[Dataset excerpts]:
********************

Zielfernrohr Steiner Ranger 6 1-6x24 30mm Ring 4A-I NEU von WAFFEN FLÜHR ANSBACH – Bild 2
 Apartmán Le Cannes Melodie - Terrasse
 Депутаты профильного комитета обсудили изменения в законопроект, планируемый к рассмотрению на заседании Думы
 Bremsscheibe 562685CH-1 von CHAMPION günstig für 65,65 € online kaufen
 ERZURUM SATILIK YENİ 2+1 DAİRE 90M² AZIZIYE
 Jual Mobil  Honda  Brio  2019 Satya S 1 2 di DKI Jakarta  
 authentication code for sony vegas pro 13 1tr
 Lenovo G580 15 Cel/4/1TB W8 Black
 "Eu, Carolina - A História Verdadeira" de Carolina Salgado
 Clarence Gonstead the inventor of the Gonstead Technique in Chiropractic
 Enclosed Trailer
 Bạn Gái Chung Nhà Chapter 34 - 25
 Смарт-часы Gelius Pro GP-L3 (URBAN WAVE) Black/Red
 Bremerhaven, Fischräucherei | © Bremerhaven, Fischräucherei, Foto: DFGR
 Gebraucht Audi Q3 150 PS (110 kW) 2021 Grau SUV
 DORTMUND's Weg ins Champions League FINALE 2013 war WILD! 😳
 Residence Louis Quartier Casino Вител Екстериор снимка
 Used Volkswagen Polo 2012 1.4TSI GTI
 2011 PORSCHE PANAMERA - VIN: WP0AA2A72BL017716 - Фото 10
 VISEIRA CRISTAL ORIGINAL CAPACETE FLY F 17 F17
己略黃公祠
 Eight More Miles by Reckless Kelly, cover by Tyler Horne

********************

[WHAT IS EXPECTED]: Reproduce the lines above, beginning at the line with "Clarence Gonstead the" and stopping after the line with "Used Volkswagen Polo 2012 1.4TSI GTI", exactly as they are.

[WRITTEN ANSWER]:
 Clarence Gonstead the inventor of the Gonstead Technique in Chiropractic
 Enclosed Trailer
 Bạn Gái Chung Nhà Chapter 34 - 25
 Смарт-часы Gelius Pro GP-L3 (URBAN WAVE) Black/Red
 Bremerhaven, Fischräucherei | © Bremerhaven, Fischräucherei, Foto: DFGR
 Gebraucht Audi Q3 150 PS (110 kW) 2021 Grau SUV
 DORTMUND's Weg ins Champions League FINALE 2013 war WILD! 😳
 Residence Louis Quartier Casino Вител Екстериор снимка
 Used Volkswagen Polo 2012 1.4TSI GTI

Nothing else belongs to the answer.